Item 5.   Other Events.

On December 18, 2003, the Board of Directors of Draco Holding Corporation
("Draco") approved a reverse split of Draco's authorized shares of common
stock, both issued and unissued shares, on a 1 for 25 shares basis (the
"Reverse Split").  The Reverse Split shall occur at 8:00 a.m. Eastern Time on
December 29, 2003 (the "Effective Date").

There are currently 500,000,000 shares of Draco's common stock authorized, of
which 18,934,751 shares are presently issued and outstanding.

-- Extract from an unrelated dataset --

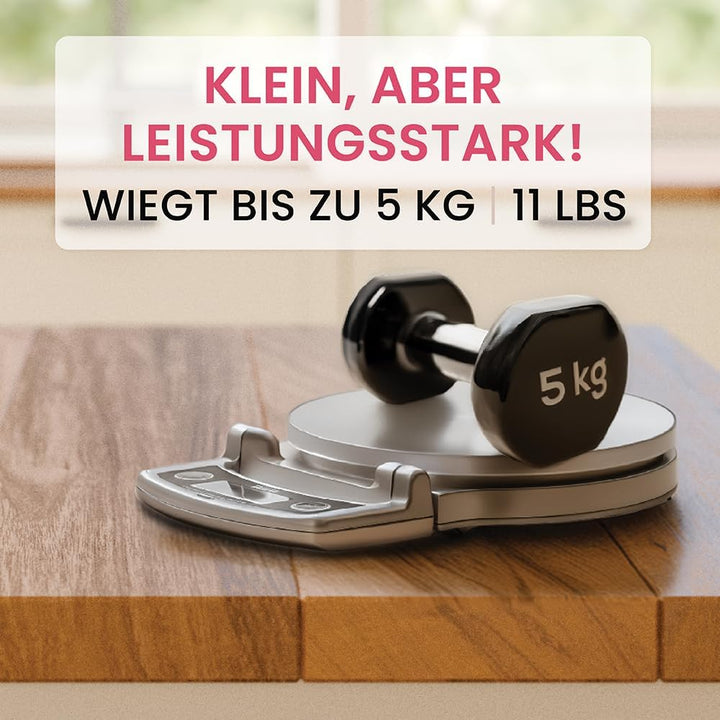 Tanita KD-400 Küchenwaage digital Klappdisplay silber 5kg/ 1g.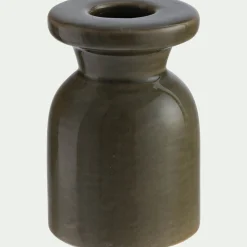 alinea Bougeoir*Bougeoir en céramique D5,5xH8,5cm - cèdre Vert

The remaining
authorized shares are unissued.  Immediately after effecting the 1 for 25
Reverse Split of Draco's common stock, Draco will then have a total of
20,000,000 shares of its common stock authorized, of which approximately
757,390 shares shall be issued and outstanding.  The remaining authorized
shares shall be unissued as of the Effective Date.  No fractional shares will
be issued in the Reverse Split.  Instead, fractional shares shall be rounded
up to the nearest whole share.  The par value of Draco's common stock shall
remain unchanged at $0.001 per share.

Draco must file an Amendment to its Articles of Incorporation with the Nevada
Secretary of State's office giving effect to the Reverse Split on or prior to
the Effective Date.  No other conditions must be satisfied and no governmental
approvals must be secured for the Reverse Split to be effected.

Draco has agreed to pay the cost of exchanging stock certificates representing
pre-Reverse Split shares for stock certificates representing post-Reverse
Split shares, on a 1 for 1 stock certificate basis, for all pre-Reverse Split
stock certificates submitted to the stock transfer agent for Draco's common
stock, for exchange, on or before Friday, January 30, 2004.  The name and
address of the stock transfer agent for Draco's common stock is OTC Stock
Transfer, Inc., 231 East 2100 South, Salt Lake City, Utah 84115.




                            SIGNATURES

Pursuant to the requirements of the Securities Exchange Act of 1934, the
Registrant has duly caused this report to be signed on its behalf by the
undersigned hereunto duly authorized.

                                      DRACO HOLDING CORPORATION
                                      (Registrant)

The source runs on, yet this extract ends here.